Un espace-temps fondamentalement quantique
Face à ces incohérences, une équipe de chercheurs propose une approche radicale : et si le problème venait de notre manière de concevoir l’espace-temps lui-même ? En s’appuyant sur la théorie des cordes, les physiciens ont développé un modèle dans lequel l’espace-temps n’est pas continu, mais fondamentalement quantique. Concrètement, ils utilisent un cadre mathématique dit “non commutatif”, où les coordonnées de l’espace et du temps ne suivent pas un ordre fixe dans les équations. Cette idée, déjà connue en mécanique quantique, devient ici une propriété de l’univers tout entier.
C’est ici que le modèle proposé prend tout son intérêt : en décrivant l’espace-temps comme un objet quantique, les chercheurs montrent qu’une forme d’énergie noire en découle naturellement. Et pas n’importe laquelle : une énergie dont la densité correspond presque parfaitement à celle mesurée aujourd’hui… et qui décroît avec le temps, exactement comme l’indiquent les dernières observations du spectroscope DESI.
Mais ce n’est pas tout. Selon ce modèle, cette densité d’énergie noire dépend de deux échelles extrêmes : la longueur de Planck (la plus petite unité significative en physique, de l’ordre de 10⁻³³ centimètres) et la taille actuelle de l’univers. Un tel lien entre l’infiniment petit et l’infiniment grand est exceptionnel en physique. Il pourrait indiquer que l’énergie noire est une manifestation directe de la nature quantique de l’espace-temps lui-même.
Michael Kavic, co-auteur de l’étude, va plus loin : selon lui, les données actuelles pourraient constituer la première signature observable d’un effet prédit par la théorie des cordes. Une première.
Une piste testable dans les prochaines années ?
Contrairement à beaucoup d’autres approches théoriques, celle-ci ne reste pas enfermée dans les équations. Les chercheurs suggèrent en effet des moyens concrets de tester leur hypothèse. L’un des plus prometteurs : la détection d’interférences quantiques d’un type nouveau, que la physique quantique standard ne prévoit pas, mais qui devraient apparaître en gravité quantique.
Ces motifs d’interférence pourraient être observés en laboratoire dans les prochaines années, affirment les auteurs. Ils constitueraient alors une preuve expérimentale inédite de phénomènes de gravité quantique — et donc un test indirect de la théorie des cordes.

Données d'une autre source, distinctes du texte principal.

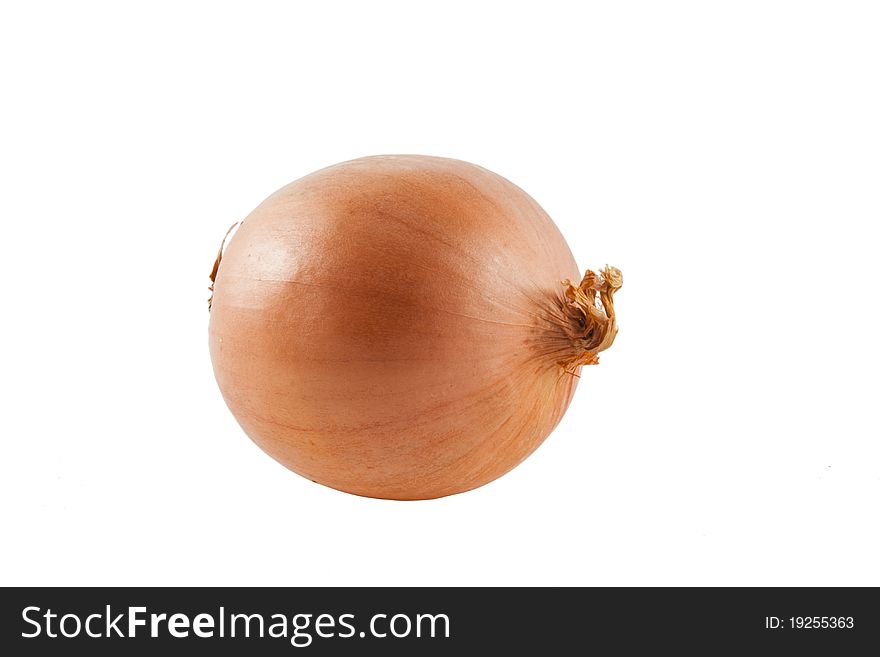 Golden onions on the isolated white background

Une avancée théorique majeure… à confirmer
La prudence reste de mise. L’article, disponible sur la plateforme arXiv, n’a pas encore été évalué par des pairs. Et l’histoire récente de la physique théorique est pleine d’annonces prématurées. Mais pour une fois, les éléments semblent converger : une prédiction issue d’une théorie fondamentale, un phénomène cosmologique mystérieux, et des observations réelles qui collent.
Si ces résultats sont confirmés, ce serait une avancée décisive dans notre compréhension de l’univers. Non seulement pour expliquer ce qu’est l’énergie noire, mais aussi pour apporter une première validation expérimentale à une théorie qui, depuis des décennies, cherche désespérément un contact avec la réalité.
La théorie des cordes ne serait alors plus un rêve mathématique. Elle deviendrait, enfin, un outil pour comprendre la vraie nature de notre univers.